Je suis ravie de cette bonne nouvelle et cela me met en confiance pour la suite !

21h – Nous partons à Redon (40min de trajet).

Oups ! Un oubli le dossier de grossesse-maternité : demi-tour sur la route pourrie de Kerjosse…

Nous croisons le voisin, Eric, à qui nous annonçons que c’est le grand départ mais qui nous manque des documents (Il doit nous prendre pour des tarés).

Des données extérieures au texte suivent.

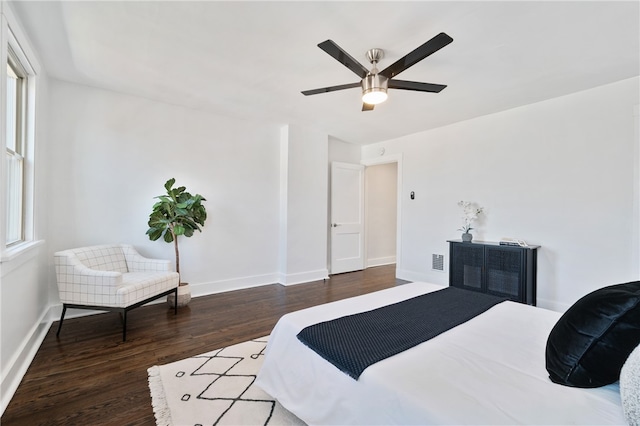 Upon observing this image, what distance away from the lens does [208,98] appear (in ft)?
12.0

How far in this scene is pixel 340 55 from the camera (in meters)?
2.07

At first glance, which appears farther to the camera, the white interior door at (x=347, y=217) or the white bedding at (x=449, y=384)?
the white interior door at (x=347, y=217)

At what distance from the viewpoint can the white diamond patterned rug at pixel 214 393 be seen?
5.47 ft

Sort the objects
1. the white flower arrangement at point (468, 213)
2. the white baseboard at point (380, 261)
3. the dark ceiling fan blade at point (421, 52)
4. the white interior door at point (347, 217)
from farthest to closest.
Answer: the white baseboard at point (380, 261) → the white interior door at point (347, 217) → the white flower arrangement at point (468, 213) → the dark ceiling fan blade at point (421, 52)

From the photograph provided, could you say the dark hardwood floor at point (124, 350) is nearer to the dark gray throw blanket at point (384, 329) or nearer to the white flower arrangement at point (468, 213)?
the dark gray throw blanket at point (384, 329)

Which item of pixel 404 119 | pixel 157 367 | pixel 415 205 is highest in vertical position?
pixel 404 119

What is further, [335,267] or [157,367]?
[335,267]

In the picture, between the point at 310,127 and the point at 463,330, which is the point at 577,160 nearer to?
the point at 463,330

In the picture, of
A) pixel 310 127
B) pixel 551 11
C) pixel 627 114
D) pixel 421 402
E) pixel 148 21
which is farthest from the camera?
pixel 310 127

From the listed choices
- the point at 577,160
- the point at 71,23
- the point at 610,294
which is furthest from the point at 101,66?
the point at 577,160

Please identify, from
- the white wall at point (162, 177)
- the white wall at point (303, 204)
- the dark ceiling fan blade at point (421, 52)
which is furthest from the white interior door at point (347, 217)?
the dark ceiling fan blade at point (421, 52)

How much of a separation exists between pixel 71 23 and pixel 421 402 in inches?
129

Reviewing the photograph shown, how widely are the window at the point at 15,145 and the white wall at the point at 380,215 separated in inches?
204

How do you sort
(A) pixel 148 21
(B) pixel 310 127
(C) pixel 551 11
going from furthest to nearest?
1. (B) pixel 310 127
2. (A) pixel 148 21
3. (C) pixel 551 11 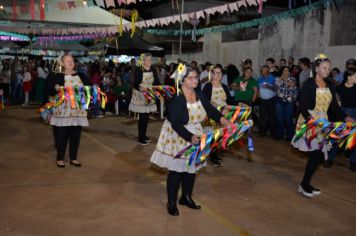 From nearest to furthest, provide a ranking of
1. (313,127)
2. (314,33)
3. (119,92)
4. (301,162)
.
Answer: (313,127)
(301,162)
(314,33)
(119,92)

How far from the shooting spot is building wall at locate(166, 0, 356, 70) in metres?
11.9

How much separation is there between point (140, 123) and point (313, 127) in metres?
4.40

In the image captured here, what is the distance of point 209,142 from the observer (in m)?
4.46

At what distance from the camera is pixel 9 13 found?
16047 mm

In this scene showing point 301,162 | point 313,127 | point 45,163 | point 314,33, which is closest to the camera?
point 313,127

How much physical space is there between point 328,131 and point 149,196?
2430 millimetres

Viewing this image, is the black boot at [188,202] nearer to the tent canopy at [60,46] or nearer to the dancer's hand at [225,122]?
the dancer's hand at [225,122]

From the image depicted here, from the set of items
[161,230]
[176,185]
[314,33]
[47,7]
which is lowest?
[161,230]

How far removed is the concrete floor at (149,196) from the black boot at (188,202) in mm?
79

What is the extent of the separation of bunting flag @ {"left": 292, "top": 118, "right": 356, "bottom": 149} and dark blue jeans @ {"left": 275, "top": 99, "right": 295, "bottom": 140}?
4558 millimetres

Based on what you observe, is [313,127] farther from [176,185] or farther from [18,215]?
[18,215]

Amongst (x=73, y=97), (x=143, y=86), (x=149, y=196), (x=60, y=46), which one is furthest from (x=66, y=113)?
(x=60, y=46)

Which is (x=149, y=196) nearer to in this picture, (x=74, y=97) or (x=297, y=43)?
(x=74, y=97)

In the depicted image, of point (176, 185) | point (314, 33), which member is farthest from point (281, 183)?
point (314, 33) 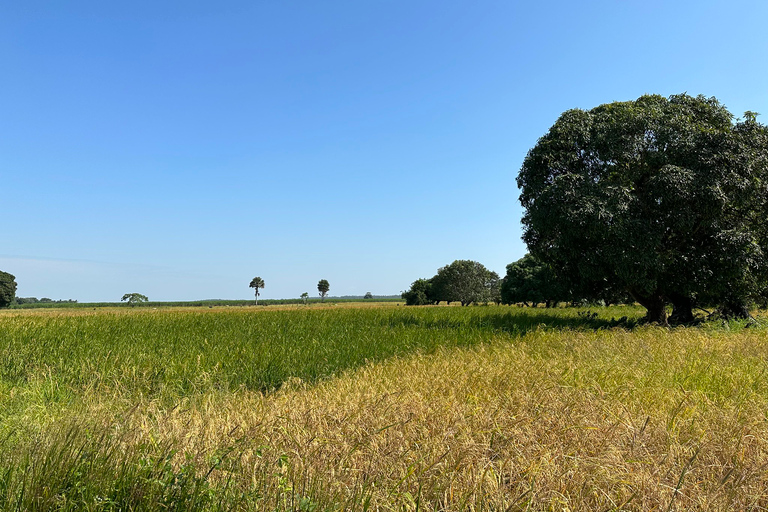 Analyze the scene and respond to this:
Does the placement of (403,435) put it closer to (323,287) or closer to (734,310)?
(734,310)

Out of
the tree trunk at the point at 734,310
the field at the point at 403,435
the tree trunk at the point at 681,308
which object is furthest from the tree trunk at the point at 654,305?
the field at the point at 403,435

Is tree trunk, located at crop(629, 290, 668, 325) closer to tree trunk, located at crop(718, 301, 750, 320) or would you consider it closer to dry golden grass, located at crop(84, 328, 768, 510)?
tree trunk, located at crop(718, 301, 750, 320)

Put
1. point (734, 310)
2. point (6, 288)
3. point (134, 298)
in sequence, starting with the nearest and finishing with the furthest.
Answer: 1. point (734, 310)
2. point (6, 288)
3. point (134, 298)

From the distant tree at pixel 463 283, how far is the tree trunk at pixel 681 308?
62245 mm

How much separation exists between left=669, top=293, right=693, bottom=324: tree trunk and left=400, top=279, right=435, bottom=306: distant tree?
73.0 m

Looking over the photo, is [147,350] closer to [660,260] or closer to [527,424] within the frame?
[527,424]

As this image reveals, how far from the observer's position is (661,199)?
15.1 metres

Nous nous rendons finalement compte que la mallette est avec nous. Demi tour, c’est reparti !

Pendant tout le trajet, je varie les stations entre Nostalgie, M radio et Chérie fm en faisant des vocalises toutes les 5-10 minutes pendant les contractions (suite au visionnage d’une super technique pour diminuer la douleur ressentie – Pour une grossesse et une naissance heureuses).

Et ça fonctionne ! Je me dis juste que je n’oserai jamais chanter/beugler comme cela une fois arrivée à l’hôpital.

Arrivée en fanfare sur le port de Redon avec la chanson : « Words don’t come easy to me » 

22h – Passage par les urgences pour accéder à la maternité et être accueillis par A. et J., une interne.

Nous voici installés en salle de pré-travail pour un petit monitoring et c’est le calme plat pendant bien une heure : des collinettes toutes les 10min…

Pendant ce temps, dans la salle d’à-côté (probablement la salle nature), l’équipe s’active autour d’une femme qui émet des rugissements gutturaux qui ne me disent rien qui vaille… Je ne sais plus ce que je veux…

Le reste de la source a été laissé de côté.